Eileen Gu lacht Reporter aus

„Ziemlich lächerliche Sichtweise“

Als ein Reporter Eileen Gu fragt, ob sie „zwei Goldmedaillen verloren“ habe, lacht die 22-Jährige – und geht damit in sozialen Netzwerken viral.

Freut sich auch über Silber: Free-Skierin Eileen Gu.

© IMAGO / Xinhua

Freut sich auch über Silber: Free-Skierin Eileen Gu.

Von Katrin Jokic

Eileen Gus Lachen geht gerade viral, denn es ist ihre erste Reaktion auf eine Frage bei einer Pressekonferenz. Nach ihren Silbermedaillen bei den Olympischen Winterspielen 2026 in Mailand-Cortina stellte ein Reporter die Frage, ob sie ihre zweiten Plätze als „zwei gewonnene Silbermedaillen“ oder als „zwei verlorene Goldmedaillen“ sehe.

Gu reagiert deutlich.

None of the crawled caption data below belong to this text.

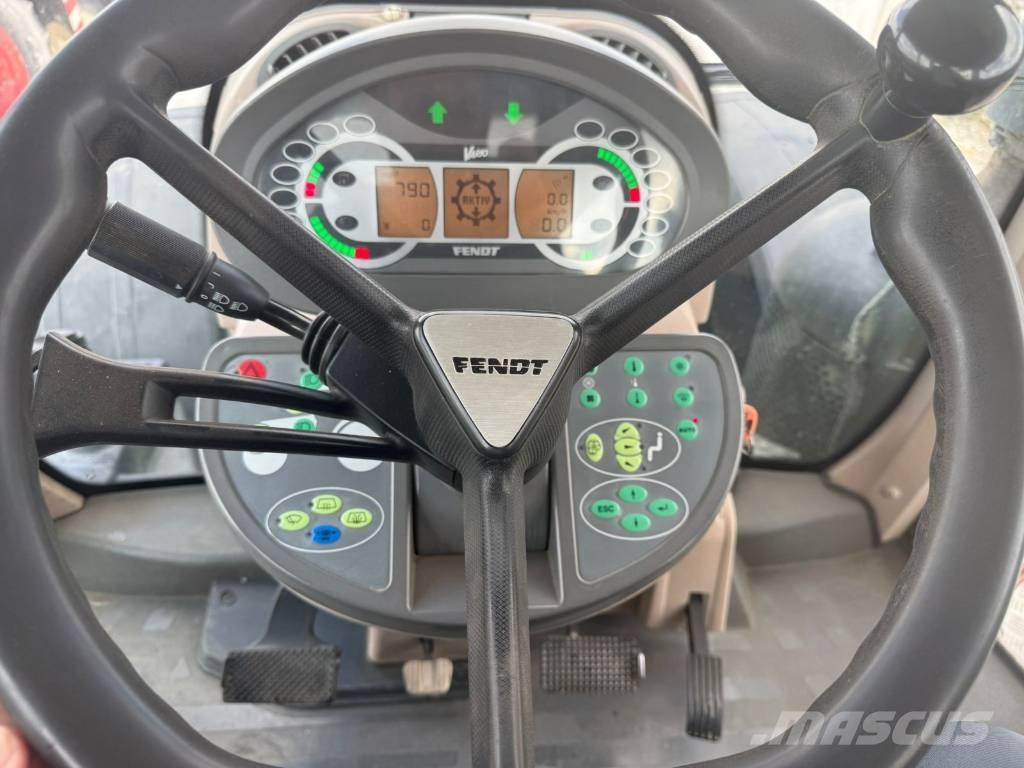 Fendt 939 Vario Трактори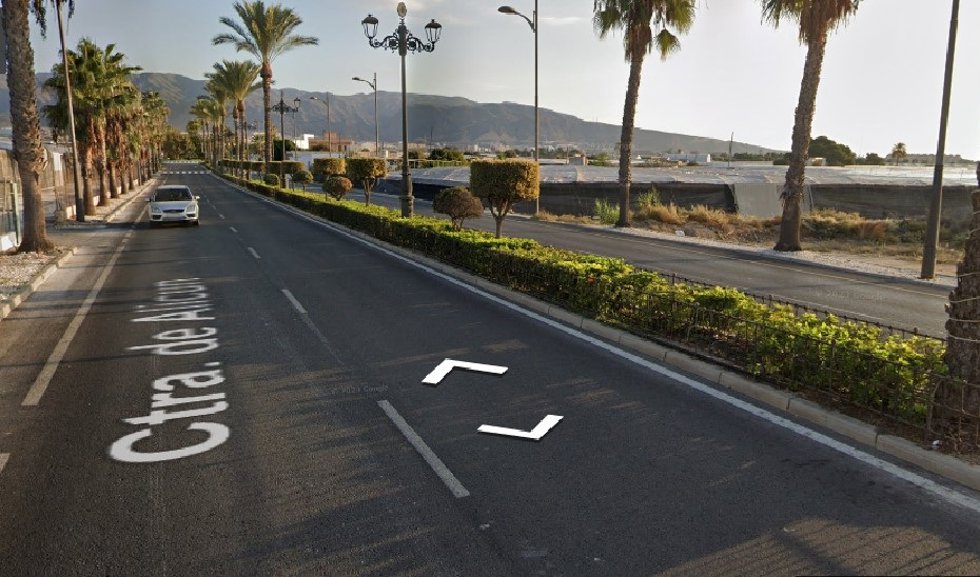 Un ciclista muere en la carretera de Alicún, en Roquetas de Mar (Almería)
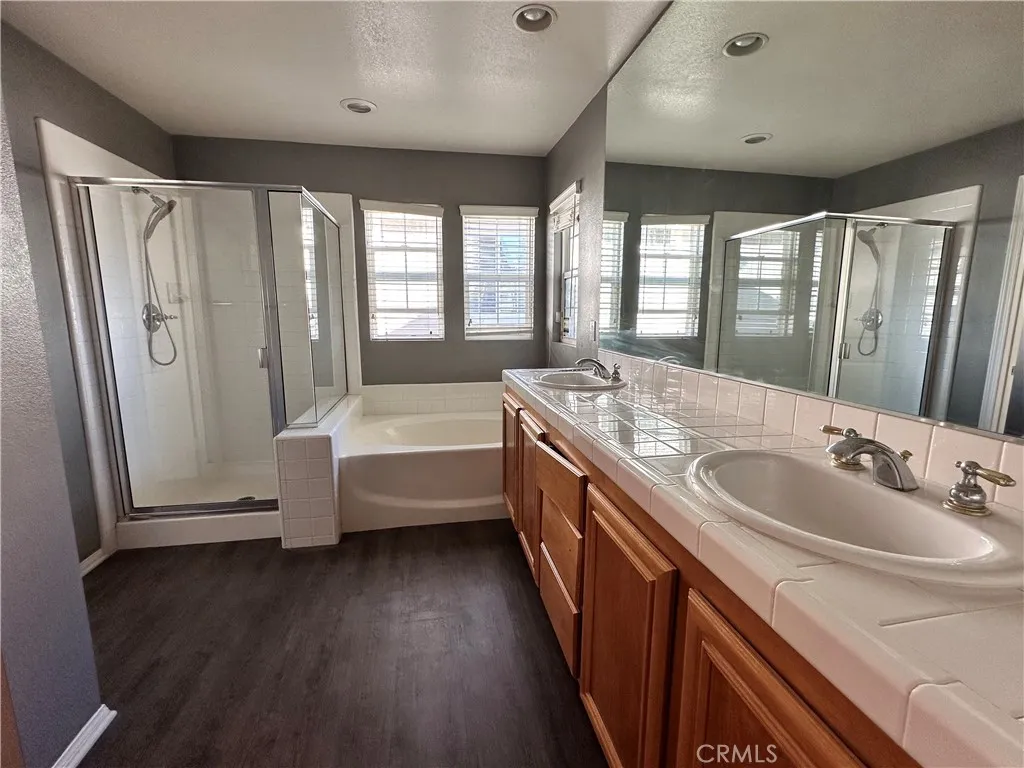 Additional image 13 of 23327 Clearwater Ln, Valencia, CA 91355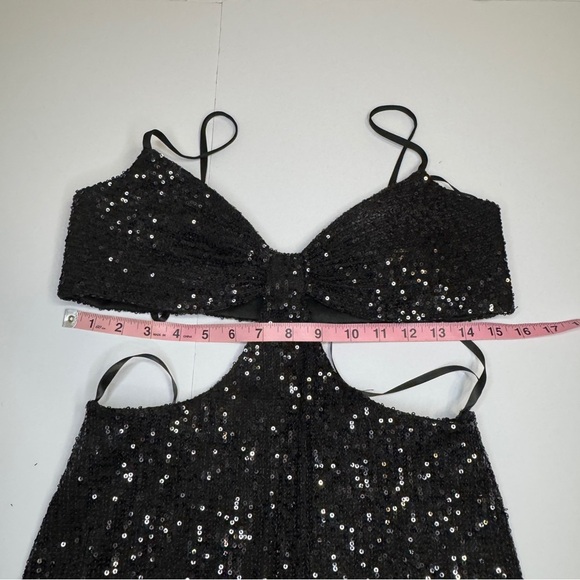 IEENA for Mac Duggal Black Sequin Cutout Gown Size 2 NWT - Picture 7 of 16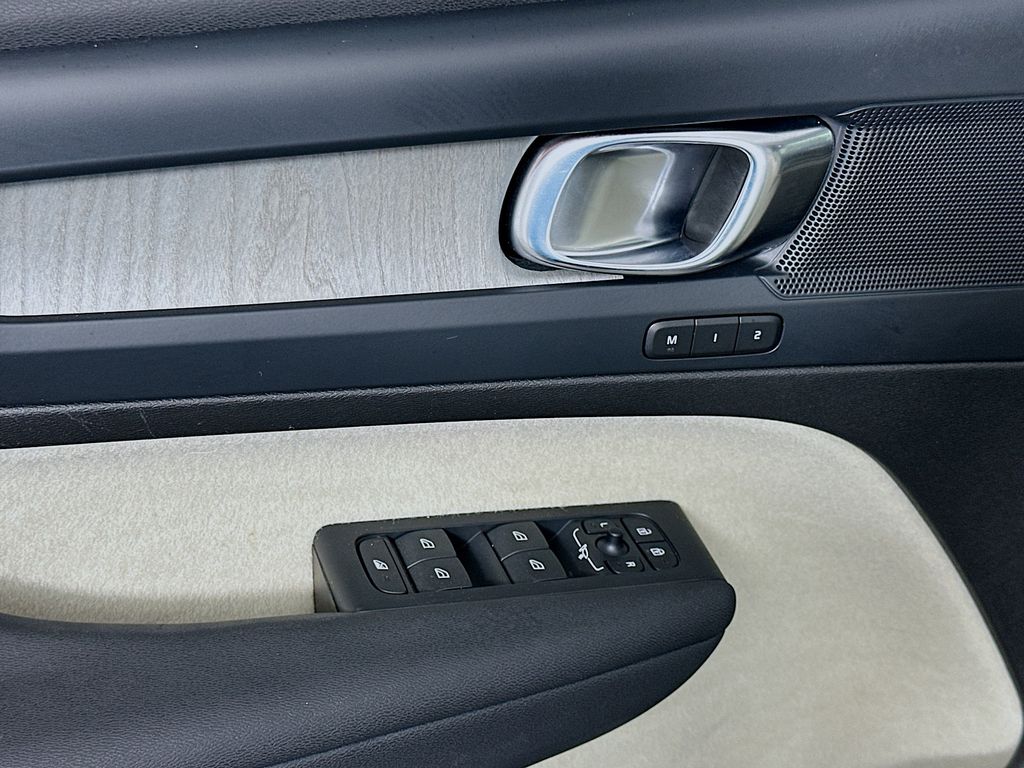 Thumbnail: 2023 Volvo XC40 - 18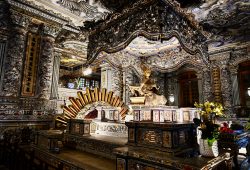 Os Túmulos Reais de Huê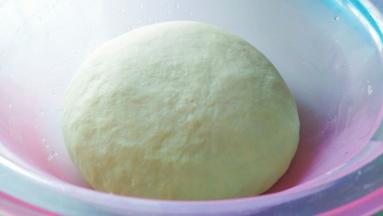 发酵后的面团成双倍大。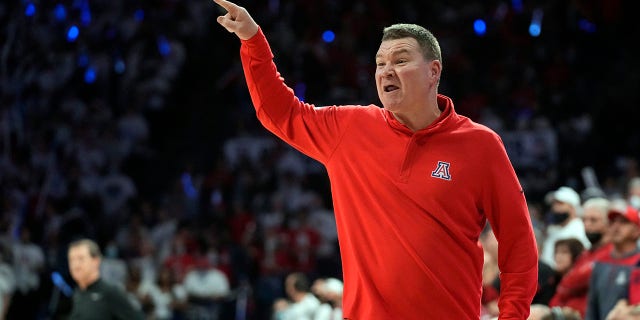 Arizona coach Tommy Lloyd reacts to a play during the second half of the team's NCAA college basketball game against Oregon, Saturday, Feb. 19, 2022, in Tucson, Ariz. Arizona won 84-81.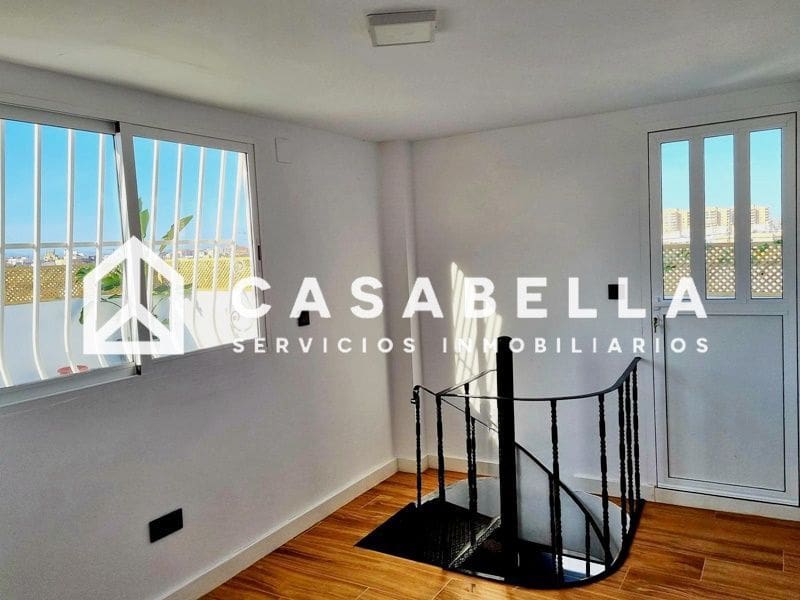 2 bedroom Penthouse for sale in Valencia city - € 620,000 (Ref: 9650185)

Sie sei die „am meisten dekorierte Freestyle-Skifahrerin der Geschichte“, sagt die 22-Jährige. Eine olympische Medaille zu gewinnen, sei für jeden Athleten lebensverändernd. Fünf Medaillen zu holen, sei „exponentiell schwieriger“, weil mit jedem Erfolg auch die Erwartungen steigen. Die Perspektive von „zwei verlorenen Medaillen“ nennt sie „eine ziemlich lächerliche Sichtweise“. Sie zeige ihr bestes Skifahren, stehe für Tricks, „die buchstäblich noch nie zuvor gemacht wurden“ – und das sei mehr als gut genug.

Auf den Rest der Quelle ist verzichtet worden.